For those who missed it, NSW Treasurer Gladys Berejiklian last week flagged a major shake up of NSW Government services and agencies in an address to the Sydney Institute:
“… currently there are about 870 NSW Government entities, including departments, agencies, state owned corporations, boards, committees and trusts. I know this because I recently tasked an expert panel to audit the structures within our Government and present recommendations on how to make our processes leaner and more efficient. Many of these identified bodies overlap in terms of the functions they perform. There is opportunity here to reduce this number. Not for the sake of it – but because it will reduce waste, streamline decision making and make Government work better.
The intention of this reform is to streamline administration and governance arrangements and consolidate government agencies, bodies, boards and committees. This process could deliver significant savings which could be poured back into essential services.”
Agencies that overlap in terms of the functions they perform? Who might she be referring to? We’ll doubtless find out when the Baird Government delivers its 16/17 Budget in June, but if it is FRNSW and the RFS then it is more likely to involve head office consolidation than a full-blown amalgamation.

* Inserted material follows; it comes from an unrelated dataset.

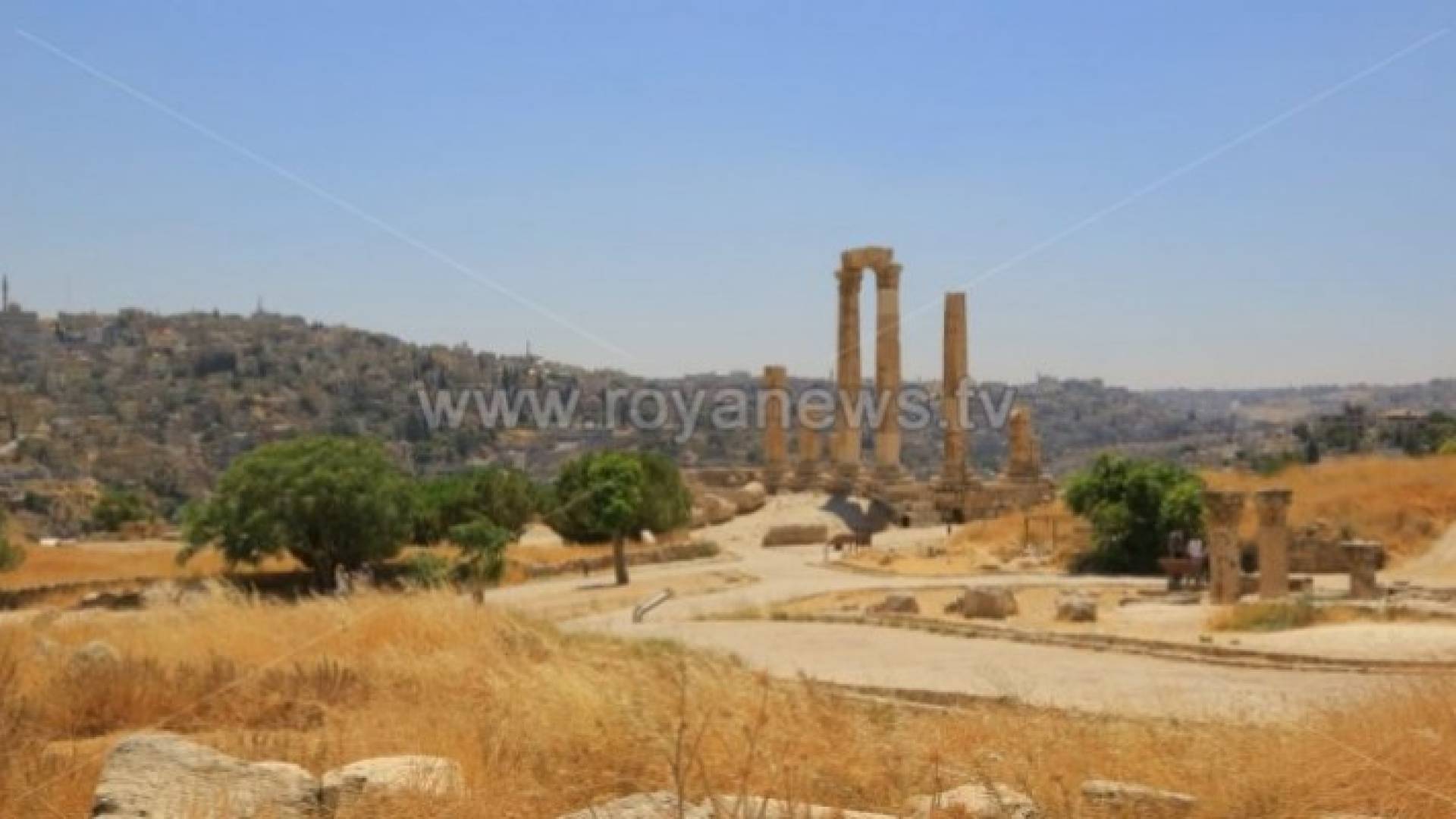 Image 1 from gallery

Meanwhile, the Government’s intention to overhaul emergency service funding with a new land tax commencing July 2017 (see “Baird’s new fire tax” in SITREP 38/2015) proceeds apace. We still don’t know much about their “Emergency Services Property Levy” (ESPL) save that it will be based on unimproved land values (in stark contrast to similar levies interstate) and with different rates for different categories of land. Nor do we know when it will be tabled in Parliament. More to follow.
Women in firefighting
The FBEU has a proud record on the question of women in our industry stretching well beyond our support for the then-NSWFB Chief Officer, Rex Threlfo (himself a former FBEU President) in the re-introduction of women into the job in 1985. I say “re-introduction”, because hundreds of women actually served in the NSWFB’s Women’s Fire Auxilliary (WFA) during WW2. Then-Union Secretary, Jim Lambert challenged sceptical “firemen” in the Union’s December 1944 journal, rhetorically asking “Do you know that women carried out watchroom jobs in London during the blitz?”.
It should therefore surprise nobody that the Union today supported Commissioner Mullins (also a former FBEU official) when he announced “changes to the fire service’s highly competitive permanent firefighter recruitment campaign in a bid to ensure more women get the chance to join its firefighting ranks.” Click here for a copy of today’s FBEU and FRNSW media releases.
The Union’s progressive stance on women in our industry has always placed us on the right side of history and while not all members will agree, today’s stance will come to be seen in the same light.